Dans le mouvement nationaliste, le mouvement d’opposition à l’impérialisme est plus important que le mouvement contre les seigneurs de la guerre. Lorsqu’il y a un conflit entre les seigneurs de la guerre et les impérialistes, nous devons soutenir les seigneurs de la guerre. (« Résolution du CC du PCC », 24 novembre 1923, dans par Tony Saich et Benjamin Yang, The Rise to Power of the Chinese Communist Party, p. 85)

Dans la pratique, le Guomindang reçoit de l’argent et des armes d’URSS. Des conseillers militaires de l’Armée rouge sont envoyés en Chine ; les officiers du GMD sont formés en URSS comme Jiang Jieshi (Tchang Kaï-chek, 1887-1975), un ancien de la mafia de Shanghai. Sun est lui-même conseillé par Mikhaïl Borodine (1884-1951) qui n’est pas envoyé par l’IC mais directement par le bureau politique du parti russe en voie de bureaucratisation.

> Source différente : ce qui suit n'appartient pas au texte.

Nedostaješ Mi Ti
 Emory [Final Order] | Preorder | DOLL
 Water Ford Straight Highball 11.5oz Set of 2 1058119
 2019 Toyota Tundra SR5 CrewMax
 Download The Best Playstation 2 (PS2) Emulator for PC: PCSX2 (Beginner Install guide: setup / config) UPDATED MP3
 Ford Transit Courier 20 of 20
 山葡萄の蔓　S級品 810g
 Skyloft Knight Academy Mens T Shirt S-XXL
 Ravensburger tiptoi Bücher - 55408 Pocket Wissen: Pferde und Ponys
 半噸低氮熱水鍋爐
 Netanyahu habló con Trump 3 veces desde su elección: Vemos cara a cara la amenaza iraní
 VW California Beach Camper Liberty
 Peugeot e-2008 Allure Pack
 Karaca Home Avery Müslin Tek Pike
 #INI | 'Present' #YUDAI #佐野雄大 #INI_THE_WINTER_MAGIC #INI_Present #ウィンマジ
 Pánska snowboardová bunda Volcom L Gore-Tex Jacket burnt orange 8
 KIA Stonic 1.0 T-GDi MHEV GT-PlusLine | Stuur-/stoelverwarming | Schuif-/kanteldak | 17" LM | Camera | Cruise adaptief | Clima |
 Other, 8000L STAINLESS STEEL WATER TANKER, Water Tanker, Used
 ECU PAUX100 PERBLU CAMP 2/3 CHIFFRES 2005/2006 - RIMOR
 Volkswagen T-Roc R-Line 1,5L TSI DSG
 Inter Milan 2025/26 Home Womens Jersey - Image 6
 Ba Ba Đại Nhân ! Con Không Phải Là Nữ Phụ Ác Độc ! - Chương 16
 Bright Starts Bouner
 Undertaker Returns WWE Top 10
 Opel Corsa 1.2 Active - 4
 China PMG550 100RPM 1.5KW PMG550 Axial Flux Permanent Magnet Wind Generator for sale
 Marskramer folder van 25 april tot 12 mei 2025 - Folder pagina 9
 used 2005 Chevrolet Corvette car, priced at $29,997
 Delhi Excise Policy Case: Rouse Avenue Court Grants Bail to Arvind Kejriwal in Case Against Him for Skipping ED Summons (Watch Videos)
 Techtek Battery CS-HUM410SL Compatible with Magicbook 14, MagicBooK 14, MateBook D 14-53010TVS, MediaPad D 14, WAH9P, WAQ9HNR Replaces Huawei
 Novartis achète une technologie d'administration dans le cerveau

Borodine décide à la place des instances du PCC.

Le parti bourgeois clame 400 000 membres à son congrès de 1924. En matière sociale, il se contente de peu, il promet une amélioration du code du travail et une réduction des loyers des terres agricoles. Le PCC est intégré au GMD. Mao fait partie de sa direction qui comporte 3 communistes sur 24 membres. Zhou Enlai (Chou En-lai, 1898-1976) fait partie de l’académie militaire dirigée par Jiang.

La lutte pour la libération de la Chine et l’idéologie de Sun Yat-sen sont une lutte démocratique et une idéologie progressiste, mais bourgeoises. En Chine, nous sommes pour le soutien des communistes au Guomindang, s’ils le poussent vers l’avant. C’est essentiel, mais en même temps, il y a là un danger de dégénérescence. De même, dans tous les pays d’Orient qui forment l’arène de la lutte nationale de libération de l’esclavage colonial. Le prolétariat naissant d’Orient doit s’appuyer sur ce mouvement progressiste ; mais il est absolument évident que dans la période à venir, il y a pour les jeunes marxistes d’Orient, un danger d’être séparé des groupes « Émancipation du Travail » et de se dissoudre dans l’idéologie nationaliste. (Lev Trotsky, « Discours pour le 3e anniversaire de l’Université communiste des peuples d’Orient », 21 avril 1924, site www.marxists.org)

Le fer de lance de la révolution est pourtant la classe ouvrière.

Le 1er mai 1924, à Shanghai, 100 000 ouvriers défilèrent dans les rues ; à Canton, il y eut le double. (Harold Isaacs, La Tragédie de la révolution chinoise, 1938-1961, Gallimard, p. 99)

Son alliée la plus sûre, comme l’avait avancé Marx et Engels après 1848 et comme l’a prouvé la révolution russe de 1917, est la paysannerie exploitée. Les premières associations de paysans voient le jour. La montée révolutionnaire est en cours mais le parti du prolétariat est désorienté.